高い理想を持つ梶にとって“軍隊の規律”とゆう高い壁が彼の行く先に立ちはだかる。
第三部の前半部分で、いつもみんなの足を引っ張ってしまう田中邦衛のキャラクターを観た人は思う事だろう。
「キューブリックの奴パクリやがったなぁ〜」…と(笑)
この第三部に関しては、似た様な題材として勝新太郎主演の『兵隊やくざ』が在る。
上官からどんなに制裁を受けても、常に顔を前に突き出す《勝新=大宮二等兵》とゆう、映画史に残る強烈なキャラクターだ。
正直に言ってしまうと、滅茶苦茶に面白い『兵隊やくざ』と比べてしまうと些か分が悪い。
しかし、だからと言って決して本作品の出来が悪い訳ではありません。
生真面目に戦争・軍隊批判を打ち出してしまっているが、娯楽性に満ち溢れた『兵隊やくざ』の様なアプローチこそ、観客を笑わせながら軍隊の不条理をより炙り出せていると思えるからですが…これは本来他の作品と比較するのは意味の無い事では在ります。
あくまでも個人的な見方としての意見でご容赦を…。
「会いたい人にはいつかきっと会える気がします」
梶の理想に共感を覚える人達が彼の前を通り過ぎて行く。
第四部ではいよいよ戦況が悪化の一途を辿る。
上等兵となり部下を持つ身となる《梶上等兵》
“彼の理想”は古参兵との軋轢を悪化させてしまう。
ここまでの第一・二部での山村聰。
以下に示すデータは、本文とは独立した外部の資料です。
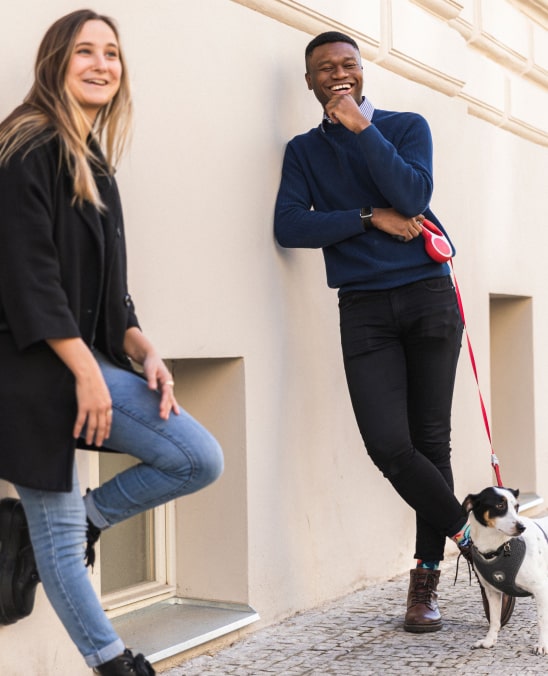 Two Mews employees outside the Prague office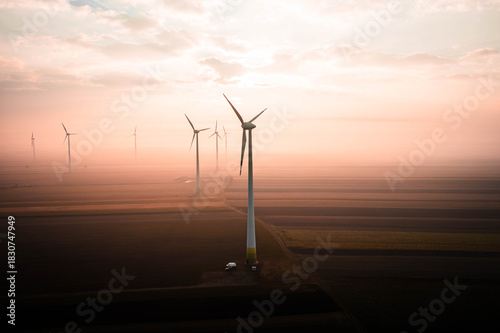 Wind turbines rising above soft morning fog, illuminated by warm golden sunrise tones. The calm landscape blends mist, light and motion, creating a serene and atmospheric view of modern renewable ener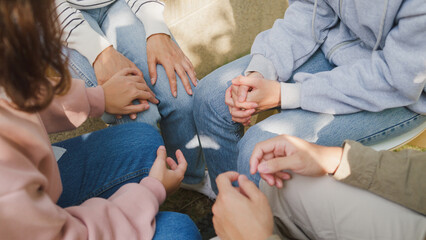 Close-up hands of diverse multiracial male and female group sit circle explain tell story sharing together in park. Support and understand at psychological therapy session, PTSD Mental health concept.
そして第三部同様に、この第四部でも彼の考え方に共鳴する上司や部下が多数現れる事で“孤立感”が生まれずに、映画的な面白味は若干ながら薄まってしまってはいる。
特に第一部で脇役出演し、直属の上司となる佐田啓二に何度となく哀願する事でその思いは強まる。
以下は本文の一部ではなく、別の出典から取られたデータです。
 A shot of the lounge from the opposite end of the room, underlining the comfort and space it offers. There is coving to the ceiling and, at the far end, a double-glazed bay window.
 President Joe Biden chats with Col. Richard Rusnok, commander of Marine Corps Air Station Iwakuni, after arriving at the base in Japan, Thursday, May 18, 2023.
とは言っても第三・四部併せ、たっぷりと極上の3時間はまたしてもあっという間に過ぎ去ってしまった。
いよいよ日本は泥沼へと足を踏み入れる。
全六部作のクライマックスが近づいている。
そして背筋が凍った
どっかに人間を解放する約束の地がある
国境の向こうにもっといい世界があるというんだ
それこそ人間を人間として扱ってくれる世界さ
なんという恐ろしいブラックジョークだろう!
脳天気にも程がある
しかし本人達は至って真面目に全人生をかけてこの台詞を言っているのだ
国境の向こうとはスターリン体制下のソ連の事なのだ
それがどれ程恐ろしい意味を持つことか21世紀の私達は知っている
しかし主人公達は本作で描かれる日本軍の軍隊生活などはスターリン体制下のソ連と比較すればむしろ天国と言うべき、人間性など微塵もない世界が国境の向こう側に展開されていたことを何も知らないのだ
当時の人々が如何に社会主義思想に夢を見ていたのか、空想的に理想化していたのかが良く分かるシーンだ
いや、未だにこの当時のままの考えで固定されている人々もまだまだ多くいるくらいだから、それは宗教的な迄に信じ込んでしまったものなのだろう
哀れだ
そのマインドセットで軍隊生活の日常を見た光景が本作では描かれる
第四部で国と国が武力を持って知力と体力の限りを尽くして、ぶつかり合う戦争においては、思想も人間性もなにもないのだ
国家というものは共産主義であろうと社会主義であろうと関係ない
国家戦略、軍事戦略の利害のみで動くのだ
共産主義国家であっても軍国主義であり帝国主義なのだ
むしろ共産主党独裁はファシズムと変わりはない
ソ連はそうであり、現代の中国も北朝鮮もまたそうであることを私達は知り尽くしているのだ
であるならば一人の人間として生き残るために必要なことは何か?
それは武器と戦う為のスキルを獲得することだ
各人にそれを持たせ訓練し、組織として機能できる規律を持たせる
それを修羅場に於いても活かせるように骨身まで叩き込まれた方が、実は本人に取っても良い、正しいことがハッキリしてしまうのだ
それが現実だ
本作は驚くべきことにそれを描いている
本作は単なる社会主義礼賛の反戦映画ではないことを終盤で証明していたのだ
終盤の戦闘シーンはそのスペクタクルさ、リアリティーに於いて、後年のベトナム戦争の現実を扱う米国映画の数々にも決して負けないものがある
日本映画でもこれ程のものが撮れたのだ
単なる反戦映画でしょ、と忌避していたらもったいないことだ
軍隊内の人間関係の様子から戦闘シーンまで何もかもがリアリティに溢れ過ぎていて衝撃的だった。なんという現実感... 軍隊内でのパワハラや虐めに近い暴力。先輩兵士達の理不尽なシゴキ。しかし、その様に軍隊内では粋がり威張っていた兵士達も、実際の戦闘に出ればタダの人間。ソ連軍の強力な兵器を前にしたら何の太刀打ちも出来る訳もなく、どんなに強い兵士だろうが弱い兵士だろうが皆んな同じタダの人間。強力な兵器を前にまるで虫ケラの如くいとも簡単にゴロゴロと殺されていく。泣き叫び、最終的には発狂する始末。兵士達は権力者達に洗脳され只々良い様に使われただけ。極限に暴力的で狂っている世界。それが戦争...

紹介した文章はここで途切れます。